┏━━

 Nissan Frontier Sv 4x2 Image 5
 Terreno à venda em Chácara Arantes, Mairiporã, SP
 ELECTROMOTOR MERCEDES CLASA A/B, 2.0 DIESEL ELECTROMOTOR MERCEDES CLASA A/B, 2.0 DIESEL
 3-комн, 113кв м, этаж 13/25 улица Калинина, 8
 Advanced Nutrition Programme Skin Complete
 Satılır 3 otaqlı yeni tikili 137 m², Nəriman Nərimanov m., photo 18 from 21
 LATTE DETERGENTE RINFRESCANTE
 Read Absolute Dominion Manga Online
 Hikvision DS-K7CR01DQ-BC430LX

┗━━

◆ **AIM OF THE TASK**
Nothing but the lines from the one with "ELECTROMOTOR MERCEDES CLASA A/B, 2.0 DIESEL ELECTROMOTOR" through the last line of the entries should be repeated, and those exactly.

◆ **OUTPUT OF THE EXERCISE**
 ELECTROMOTOR MERCEDES CLASA A/B, 2.0 DIESEL ELECTROMOTOR MERCEDES CLASA A/B, 2.0 DIESEL
 3-комн, 113кв м, этаж 13/25 улица Калинина, 8
 Advanced Nutrition Programme Skin Complete
 Satılır 3 otaqlı yeni tikili 137 m², Nəriman Nərimanov m., photo 18 from 21
 LATTE DETERGENTE RINFRESCANTE
 Read Absolute Dominion Manga Online
 Hikvision DS-K7CR01DQ-BC430LX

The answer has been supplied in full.